Dann sage ich es hier nochmal :
Freeware : Audacity
Kostenpflichtig : Von Wavelab über MagixMusicMaker bis Cubase, geht alles..

mfg chmee


----------



## CanYouHelpMe (11. Mai 2007)

Ich hab mir audacity gezogen, es reicht für mein Vorhaben aus denke ich.

Jenachdem werde ich mir wenn ich es brauche eins der kostenpflichtigen besorgen,

nur war ich halt mit einer Version von MagixMusicMaker die ich mal hatte nicht zufrieden.

Werde mich mal nach den anderen umschauen/hören.

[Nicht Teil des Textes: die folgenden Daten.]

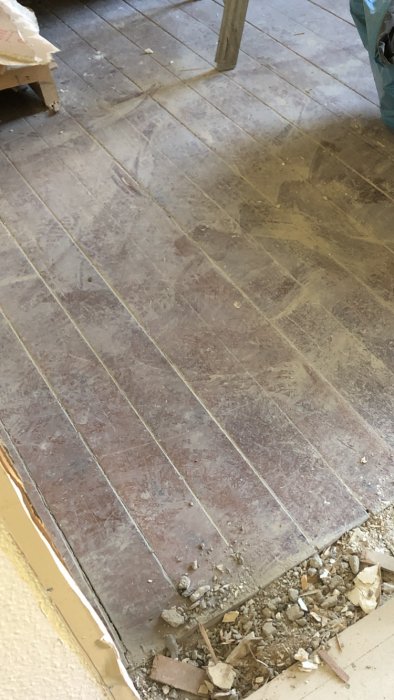 Ett gammalt trägolv med breda plankor täckt av damm och smuts under renovering, med synliga spikar och stenar.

Vielen Dank für die Informationen.


----------



## Darkhell (17. Mai 2007)

Denk dran, dass du noch die lame_enc.dll in Audacity (ich weiss nicht, ob die dll auch noch für andere Programme benötigst, machmal ist sie dabei, z.B. bei CDEx) zum speichern von MP3-Dateien benötigst. Hab sie dir mal in den Anhang gepackt

Bitte vergiss nicht, das Thema als Erledigt zu markieren, wenn deine Frage geklärt ist.


----------